WORK INSTRUCTION -
Reproduce the listing below exactly. Pictures do not belong in the copy.

SOURCE DATA -
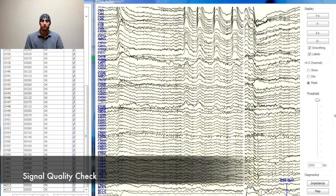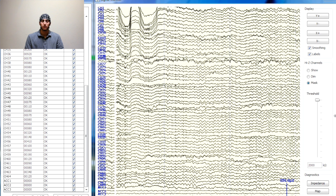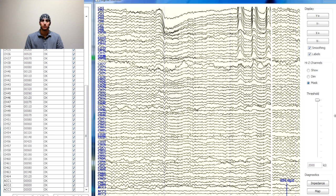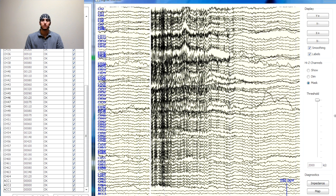After applying the cap, start the data acquisition software. The system includes a live impedance check to make sure all the electrodes are contacting. You can also view the raw EEG signal in the display window. The EEG traces are displayed on the top, and the output of the onboard 3-axis accelerometer is also shown at the bottom of the window.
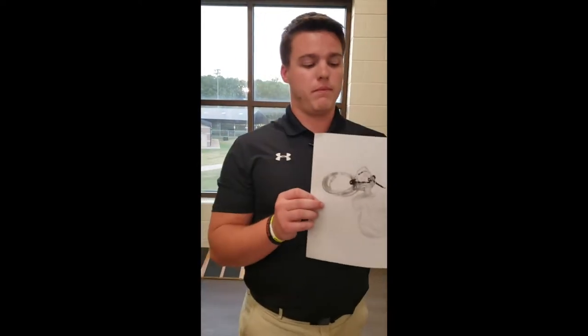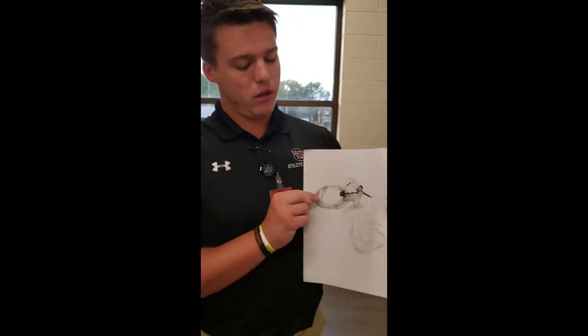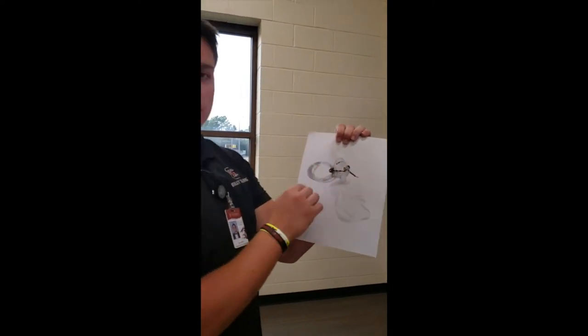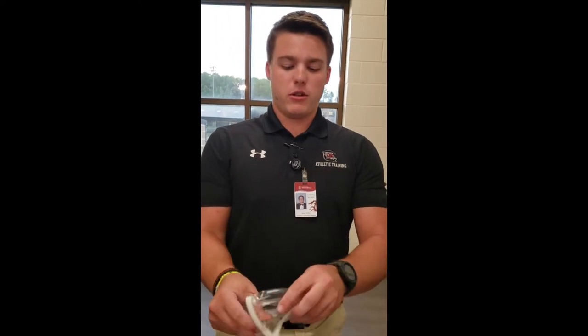Then you're going to hook up the rebreather mask. This hose obviously is going to connect to your oxygen tank, and fit it over the patient's face, similar to this. And then you will turn on the oxygen and begin — it will fill the bag first, and then it will supply oxygen to the patient.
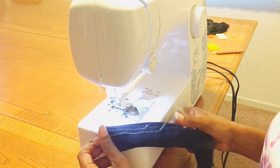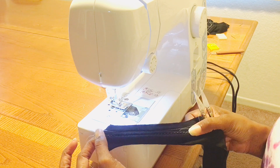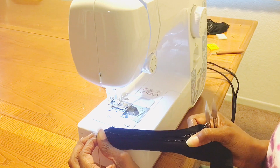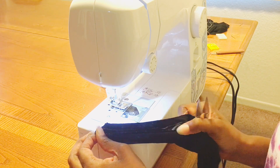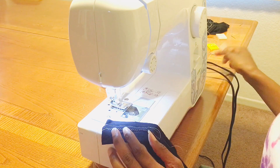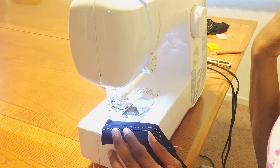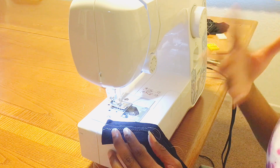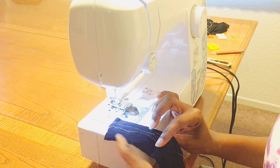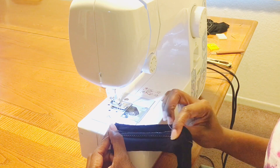With the zigzag, I can get even more pull and stretch with the Elo Flex thread. If you're doing underwear, panties, leggings, or more form-fitting stretchy garments, and you use a zigzag with the Elo Flex thread, you'll be in good shape.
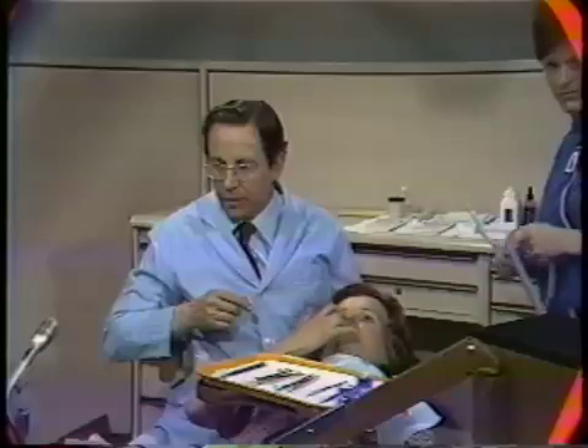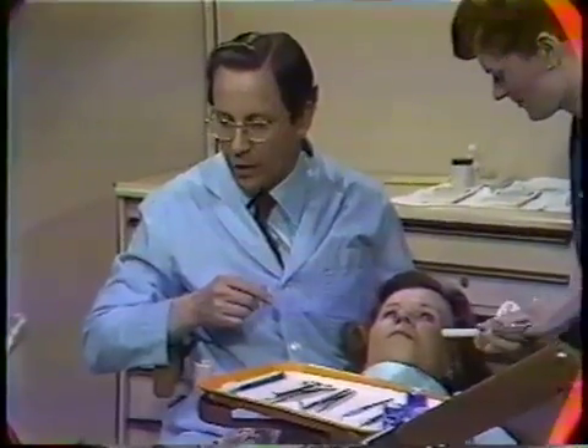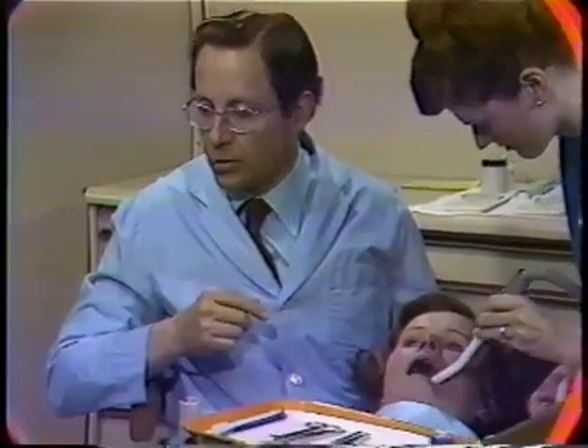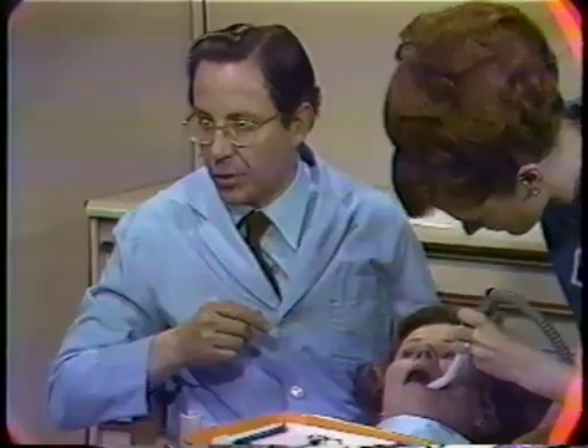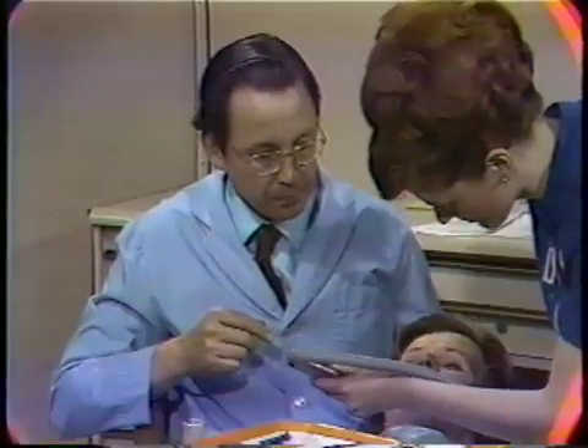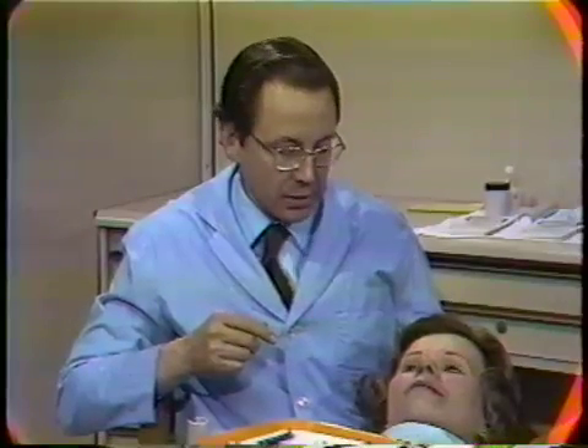One of the reasons for using the xylocaine is that since there was a gingivectomy performed in this area and there will have to be another dressing placed, it's a little more comfortable on the tissues to have the surface areas slightly anesthetized with the topical anesthetic. When evacuating, the assistant is always careful of the surgerized area because it is a little uncomfortable at first.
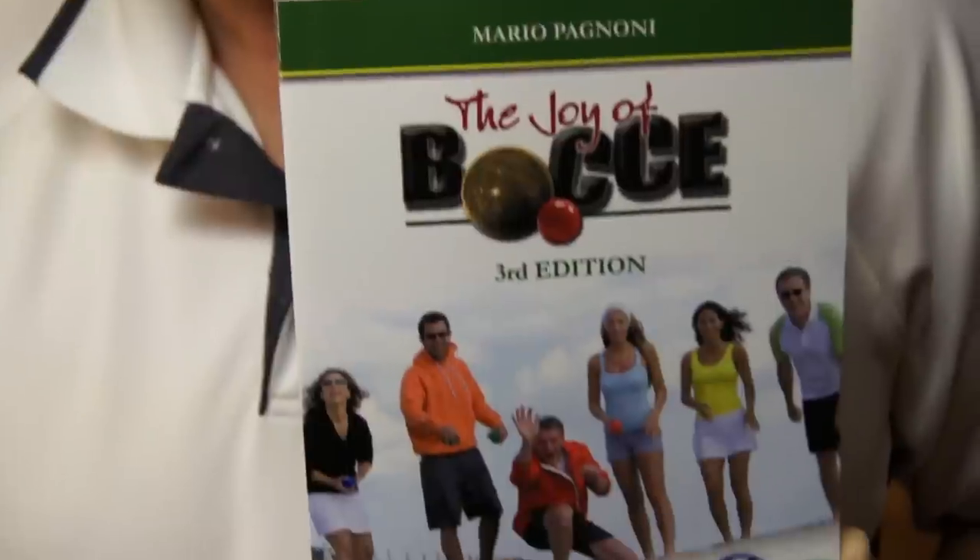Hi, I'm the Bocce Guy. You might know me from my book, The Joy of Bocce, which is in its third edition, or from my website, joyabocce.com, or my newsletter, The Joy of Bocce Weekly.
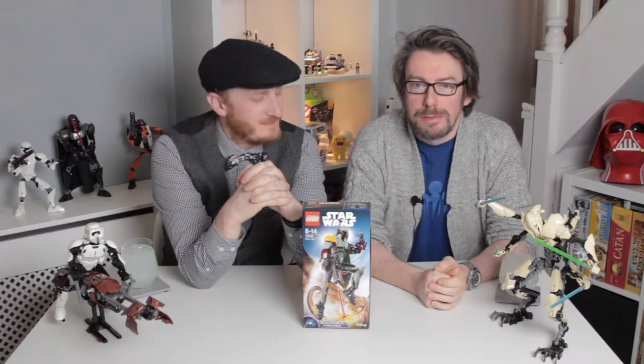Hello and welcome to our little Lego building show. This is our first one — it's a bit of a pilot, a bit of a test tonight.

FINISHED TASK -
After applying the cap, start the data acquisition software. The system includes a live impedance check to make sure all the electrodes are contacting. You can also view the raw EEG signal in the display window. The EEG traces are displayed on the top, and the output of the onboard 3-axis accelerometer is also shown at the bottom of the window.
Then you're going to hook up the rebreather mask. This hose obviously is going to connect to your oxygen tank, and fit it over the patient's face, similar to this. And then you will turn on the oxygen and begin — it will fill the bag first, and then it will supply oxygen to the patient.
With the zigzag, I can get even more pull and stretch with the Elo Flex thread. If you're doing underwear, panties, leggings, or more form-fitting stretchy garments, and you use a zigzag with the Elo Flex thread, you'll be in good shape.
One of the reasons for using the xylocaine is that since there was a gingivectomy performed in this area and there will have to be another dressing placed, it's a little more comfortable on the tissues to have the surface areas slightly anesthetized with the topical anesthetic. When evacuating, the assistant is always careful of the surgerized area because it is a little uncomfortable at first.
Hi, I'm the Bocce Guy. You might know me from my book, The Joy of Bocce, which is in its third edition, or from my website, joyabocce.com, or my newsletter, The Joy of Bocce Weekly.
Hello and welcome to our little Lego building show. This is our first one — it's a bit of a pilot, a bit of a test tonight.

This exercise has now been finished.